▸ What to work on:
Nothing but the lines from the one containing "White Rustic Wood" through the last line of the data below should be returned, each exactly as it stands, pictures excluded.
● ● ● ● ● ● ●
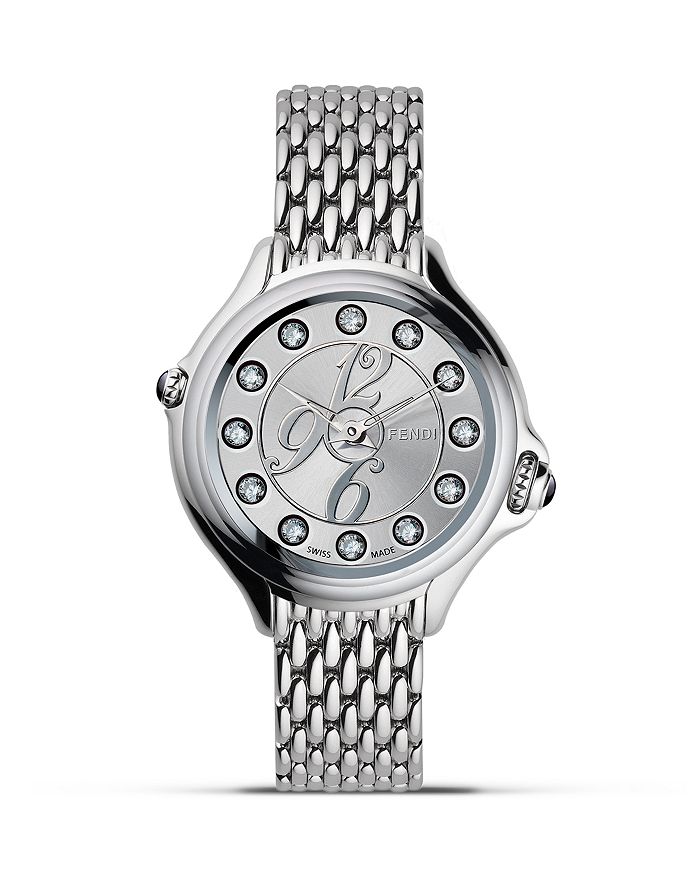 Fendi Round Crazy Carats Diamond And Topaz Stainless Steel Watch, 33mm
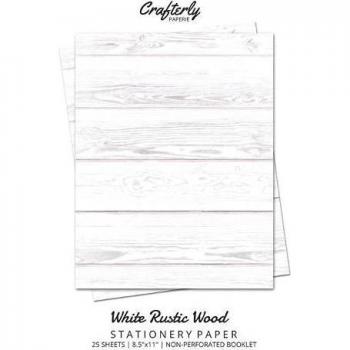 White Rustic Wood Stationery Paper: Cute Letter Writing Paper for Home, Office, Letterhead Design, 25 Sheets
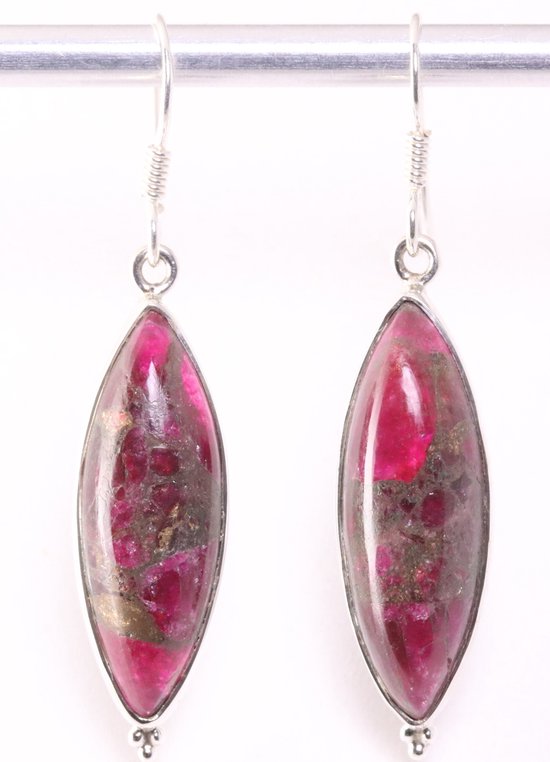 Lange zilveren oorbellen met rode koperturkoois afbeelding 1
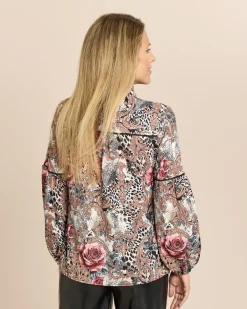 Bluse mit Animal- und Blumenprint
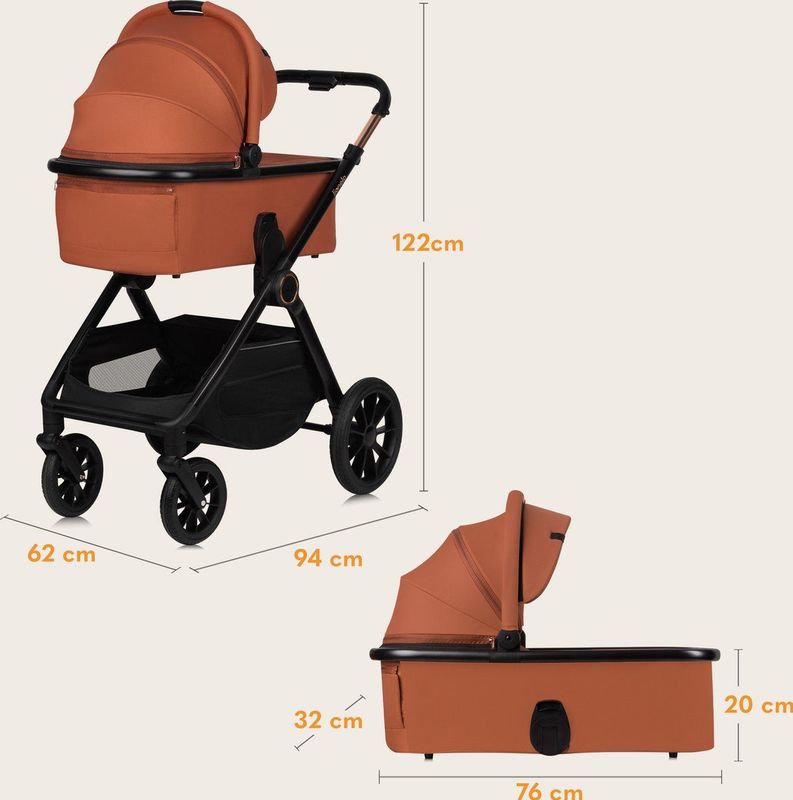 Lionelo Layla - Kinderwagen 3in1 - XXL SET - incl. i-Size autostoel - Grote Wielen - Voor Alle Soorten Terrein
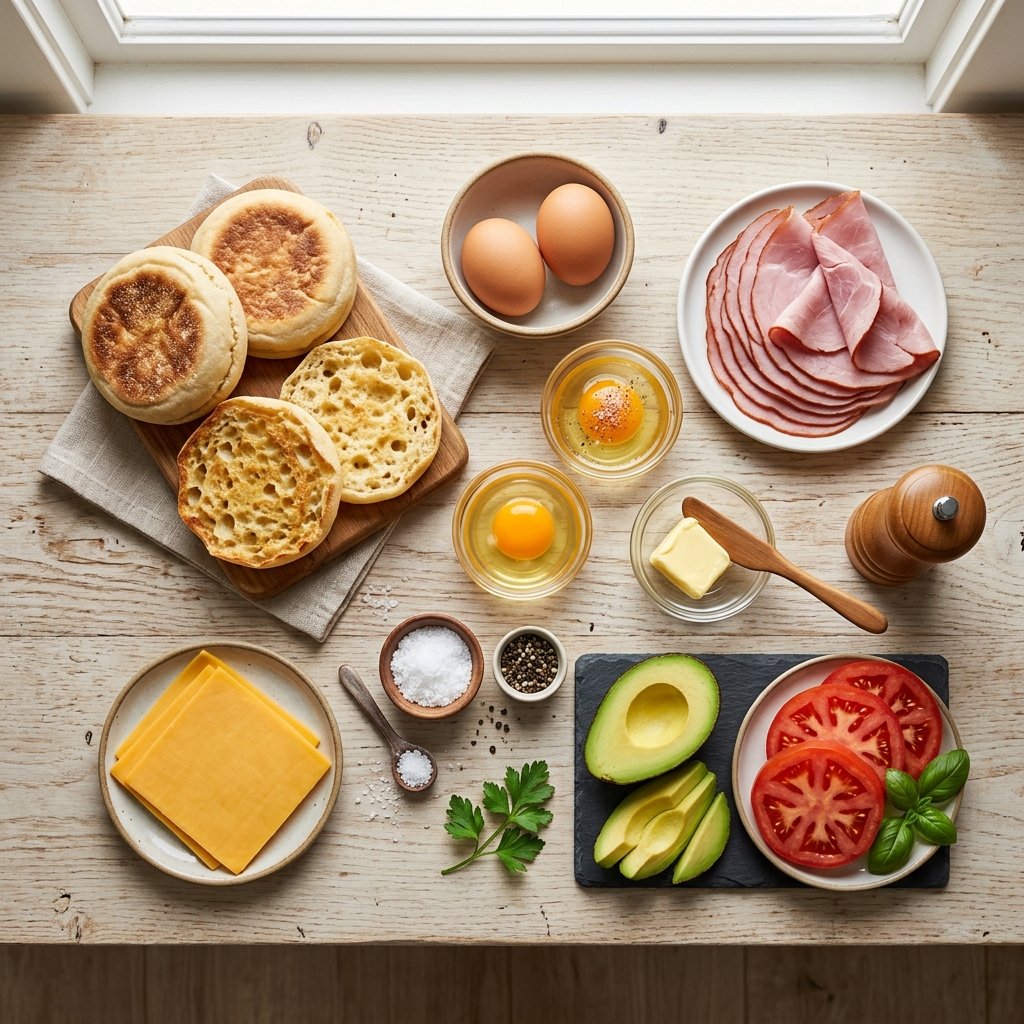  Ingredients for egg and ham breakfast sandwich arranged on a wooden countertop.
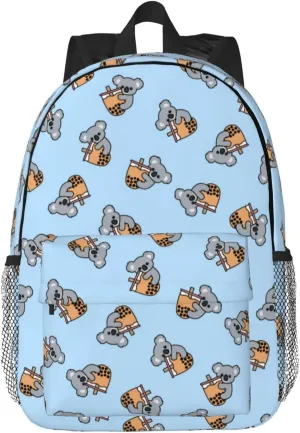 Women's fashionable travel backpacks, computer bags (Blue bottom color Koala)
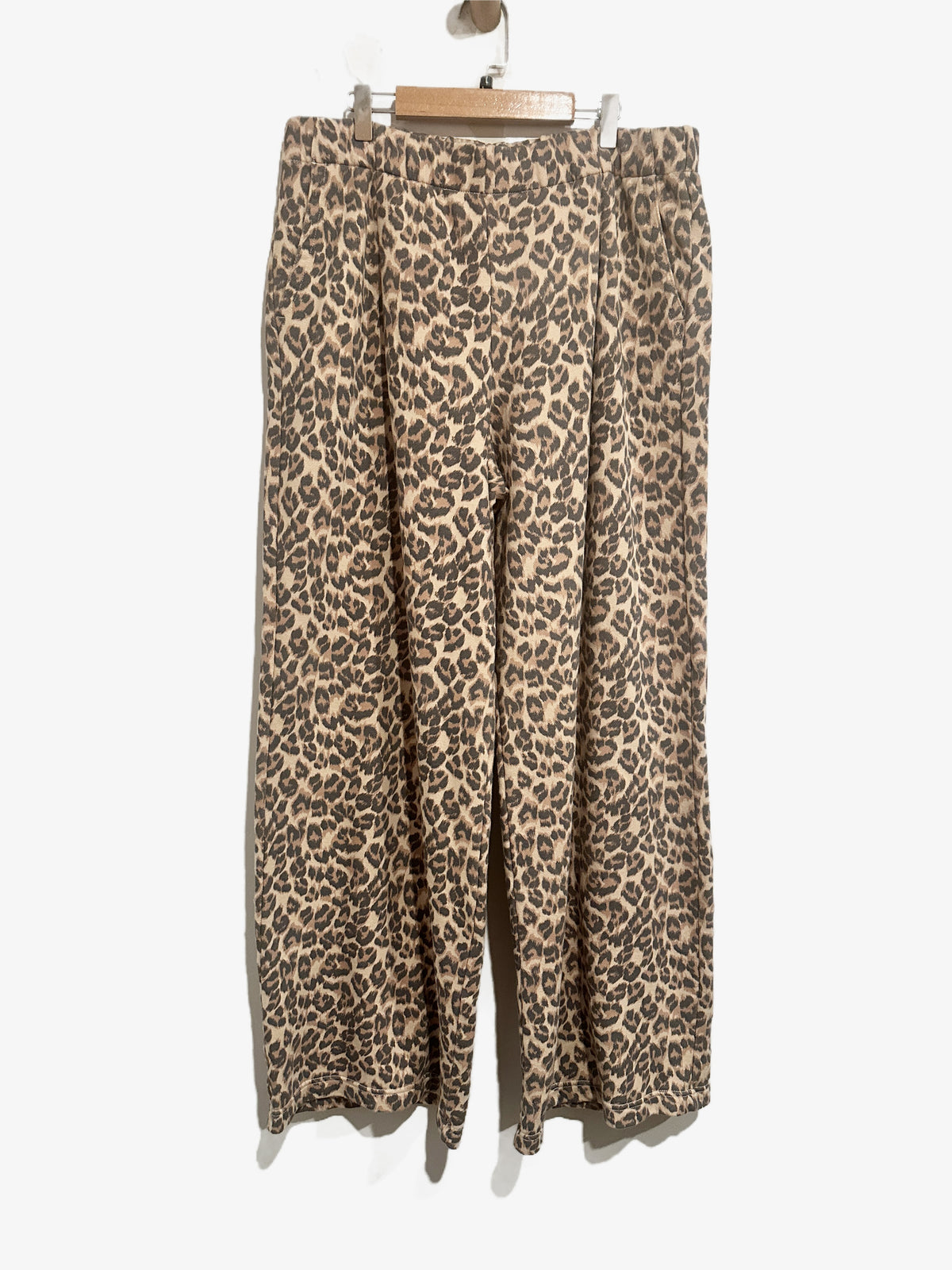 Aerie Leopard Print Wide Leg Sweatpants - Large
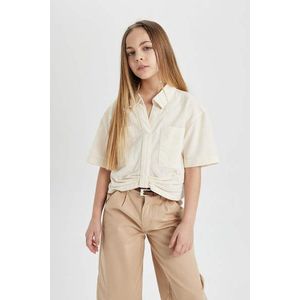 DEFACTO Girl Cotton Long Sleeve Crop Shirt obraz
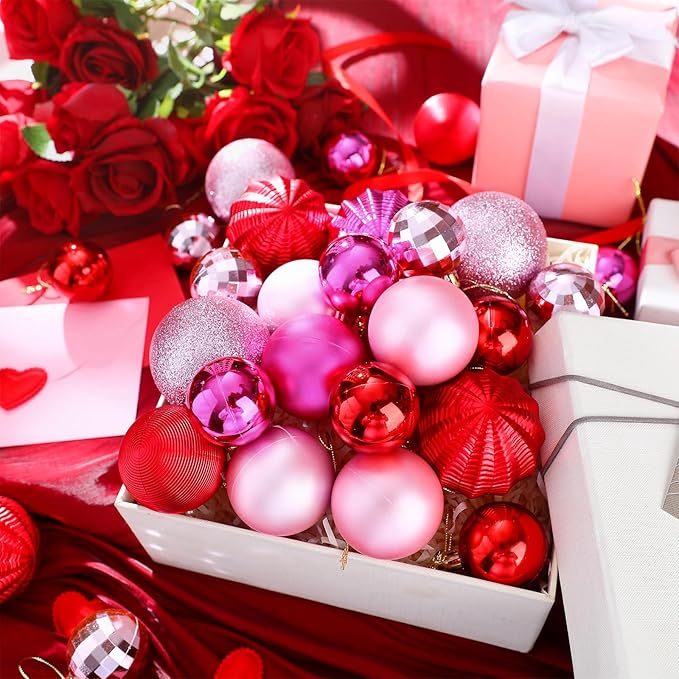 64 Pcs Christmas Ball Ornaments Glitter Red Hot Pink Ornament for Christmas Tree 1.6/1.97/2.4 Inch Shatterproof Assorted Size Xmas Baubles for Home Tree Holiday Party Supplies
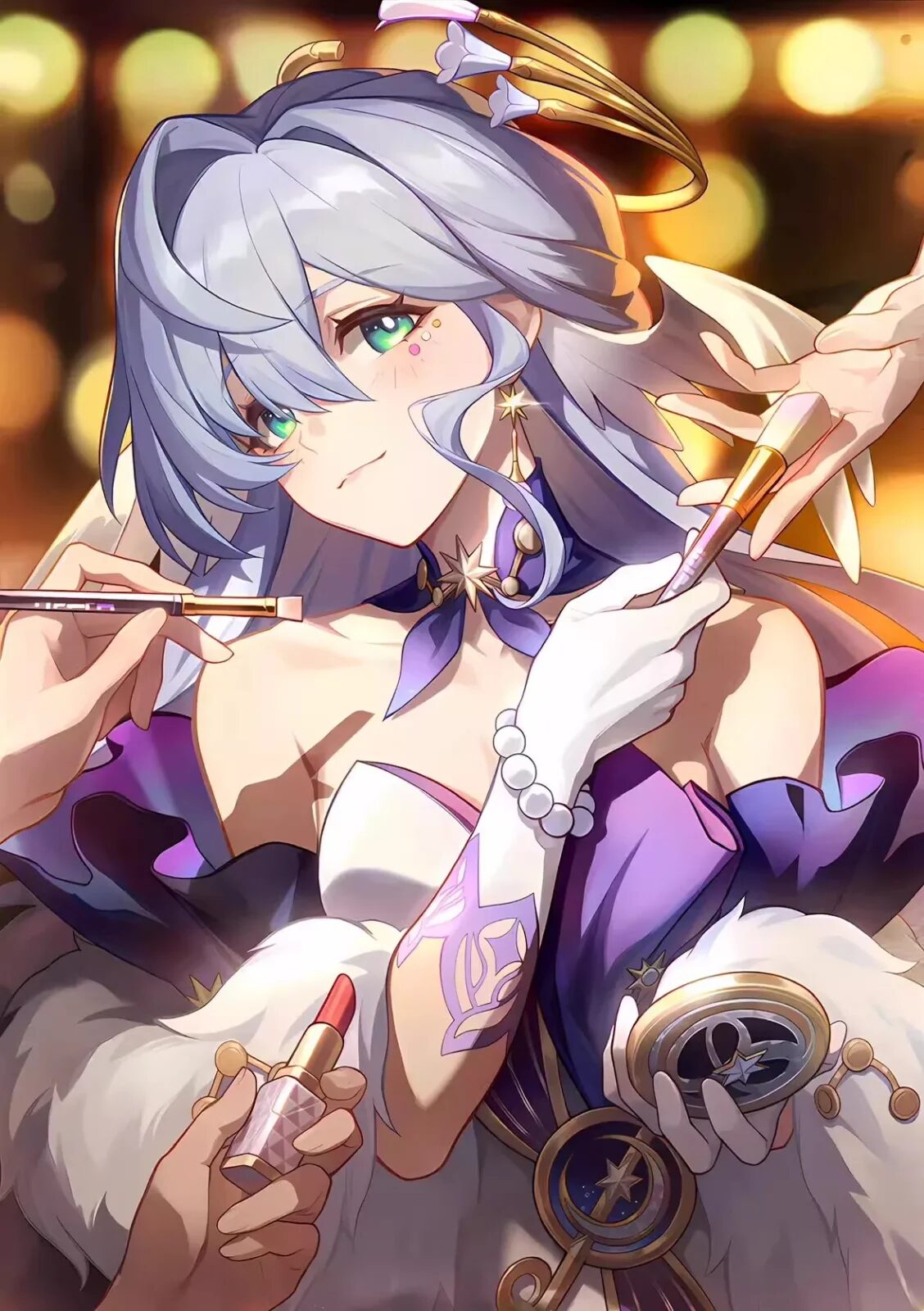 Game Robin Honkai Star Rail Cosplay Make-up Laser Gold Mirror Accessories Collectible Art Decoration For Women Girls Halloween 5 Game Robin honkai star rail cosplay Make-up Laser Gold Mirror Accessories Collectible Art Decoration For Women Girls Halloween 5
● ● ● ● ● ● ●
▸ Solution to this exercise:
 White Rustic Wood Stationery Paper: Cute Letter Writing Paper for Home, Office, Letterhead Design, 25 Sheets
 Lange zilveren oorbellen met rode koperturkoois afbeelding 1
 Bluse mit Animal- und Blumenprint
 Lionelo Layla - Kinderwagen 3in1 - XXL SET - incl. i-Size autostoel - Grote Wielen - Voor Alle Soorten Terrein
  Ingredients for egg and ham breakfast sandwich arranged on a wooden countertop.
 Women's fashionable travel backpacks, computer bags (Blue bottom color Koala)
 Aerie Leopard Print Wide Leg Sweatpants - Large
 DEFACTO Girl Cotton Long Sleeve Crop Shirt obraz
 64 Pcs Christmas Ball Ornaments Glitter Red Hot Pink Ornament for Christmas Tree 1.6/1.97/2.4 Inch Shatterproof Assorted Size Xmas Baubles for Home Tree Holiday Party Supplies
 Game Robin Honkai Star Rail Cosplay Make-up Laser Gold Mirror Accessories Collectible Art Decoration For Women Girls Halloween 5 Game Robin honkai star rail cosplay Make-up Laser Gold Mirror Accessories Collectible Art Decoration For Women Girls Halloween 5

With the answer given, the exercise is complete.